▶ [Working data]:
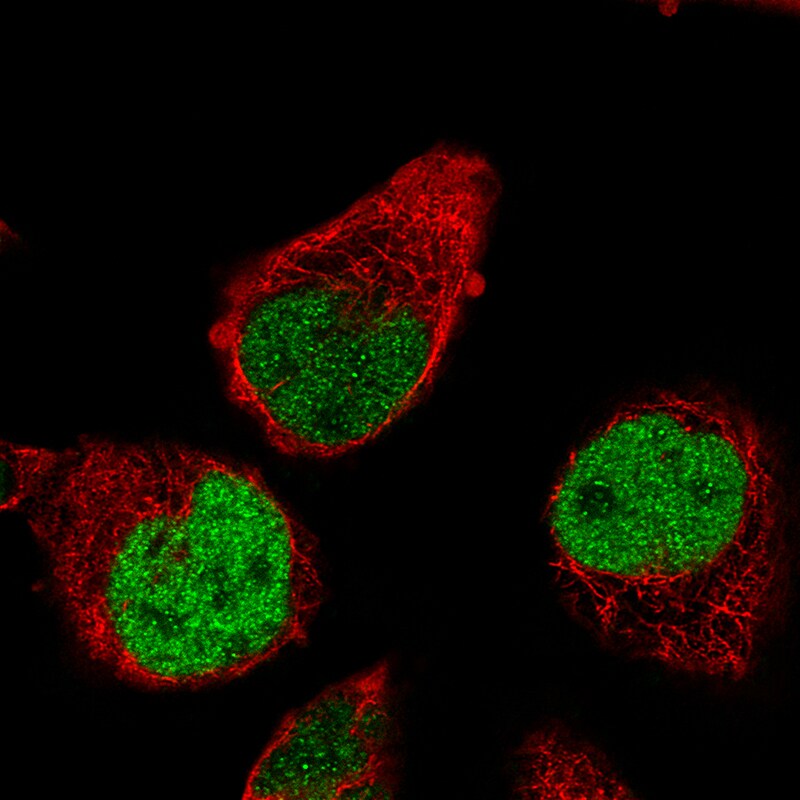 RUNX2/CBFA1 Antibody (CL0232) - Azide and BSA Free Immunocytochemistry/ Immunofluorescence: RUNX2/CBFA1 Antibody [NBP3-44496]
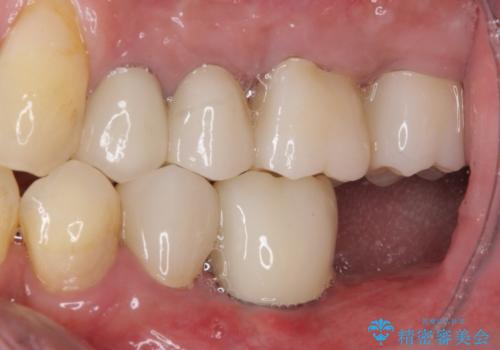 追加のインプラントと、歯肉移植による磨きやすい歯肉に改善の症例 治療前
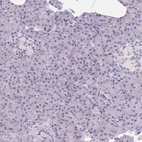 Immunohistochemical staining of human pancreas shows low expression as expected.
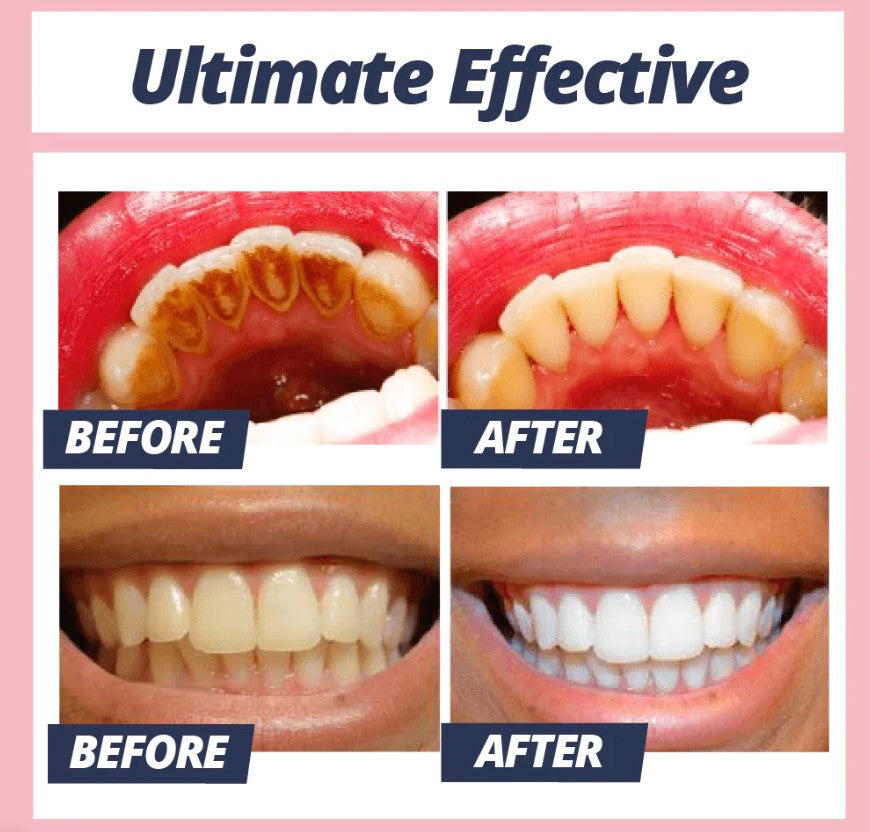 1+1 FREE TODAY | CleanStain™ - Stain Removal Toothpaste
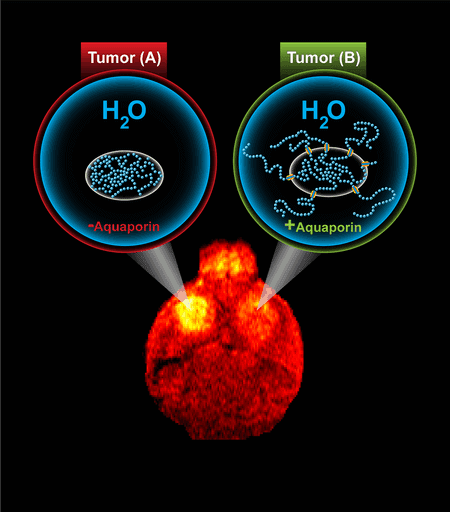 MRI Insights Visualizing MALS with Advanced Technology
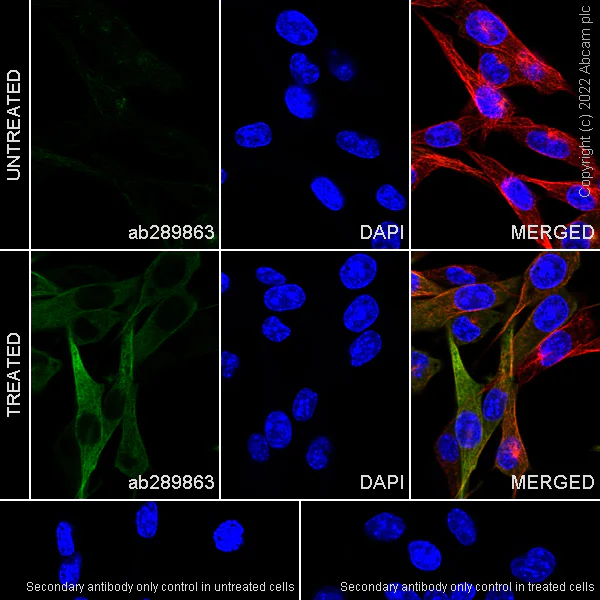 Immunocytochemistry/ Immunofluorescence - Anti-alpha Tubulin acetyl K40 antibody [EPR16772] - Rat IgG2a (Chimeric) - BSA and Azide free (AB289872)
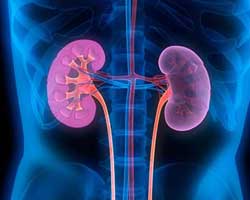 Immunoglobulin A (IgA) Nephropathy 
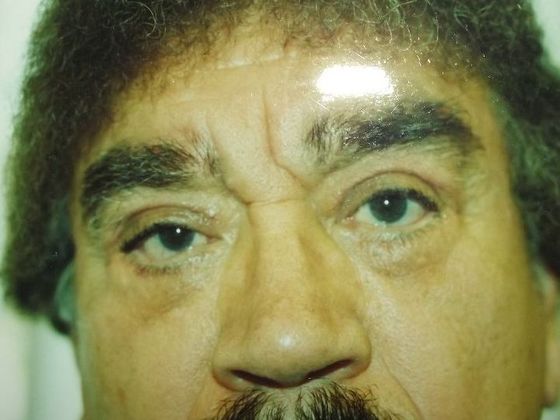 Blepharoplasty Case 5 - After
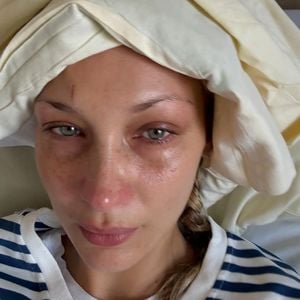 Beunruhigende Bilder: Bella Hadid kämpft mit Lyme-Borreliose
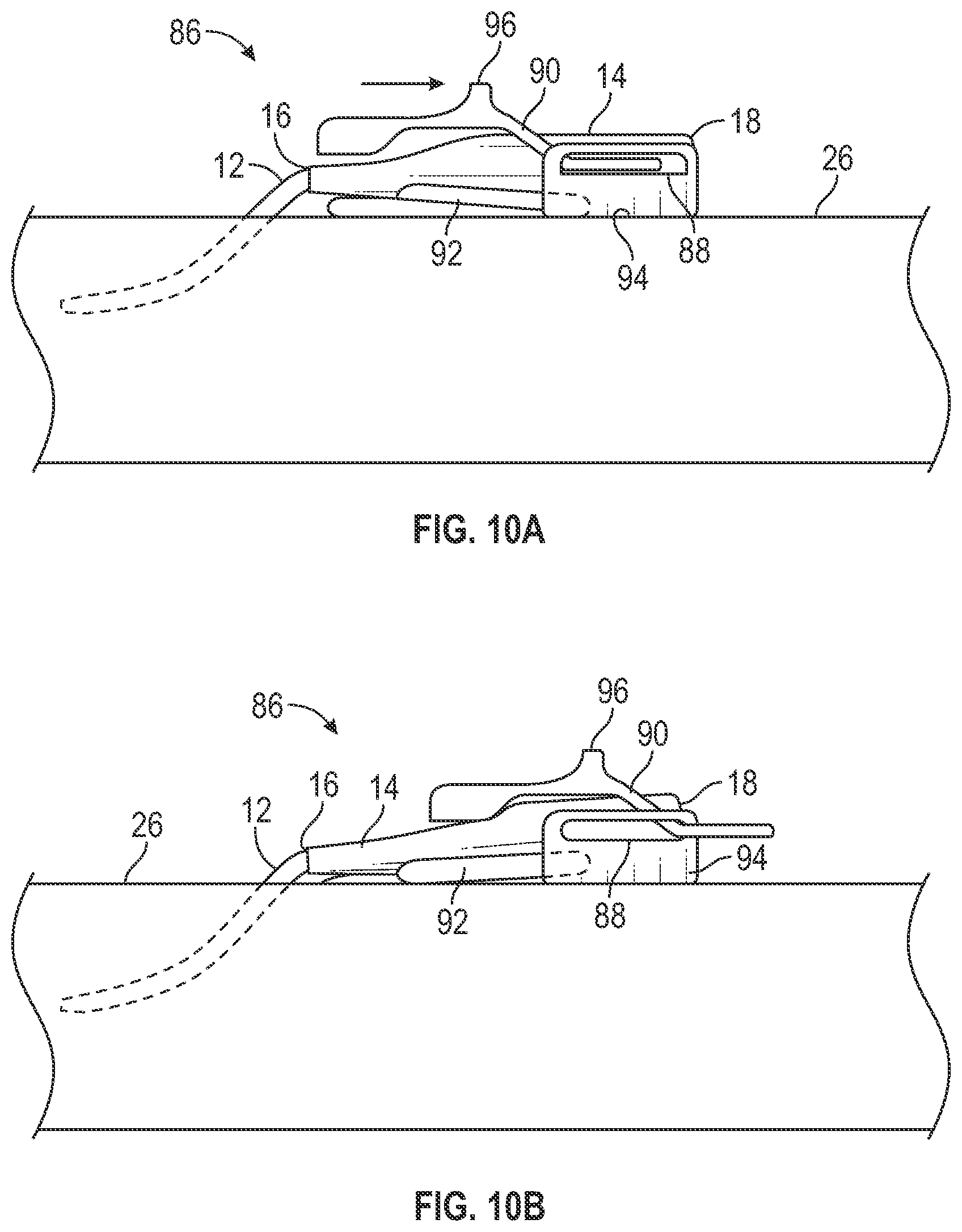 Patent US12403284 Figure 18 – Catheter assembly with angle changing and related methods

▶ [Exercise aim]: Copy nothing but the lines from the line holding "Immunoglobulin A (IgA) Nephropathy" through the last line of the entries, exactly, while leaving out the pictures.

▶ [Answer box]:
 Immunoglobulin A (IgA) Nephropathy 
 Blepharoplasty Case 5 - After
 Beunruhigende Bilder: Bella Hadid kämpft mit Lyme-Borreliose
 Patent US12403284 Figure 18 – Catheter assembly with angle changing and related methods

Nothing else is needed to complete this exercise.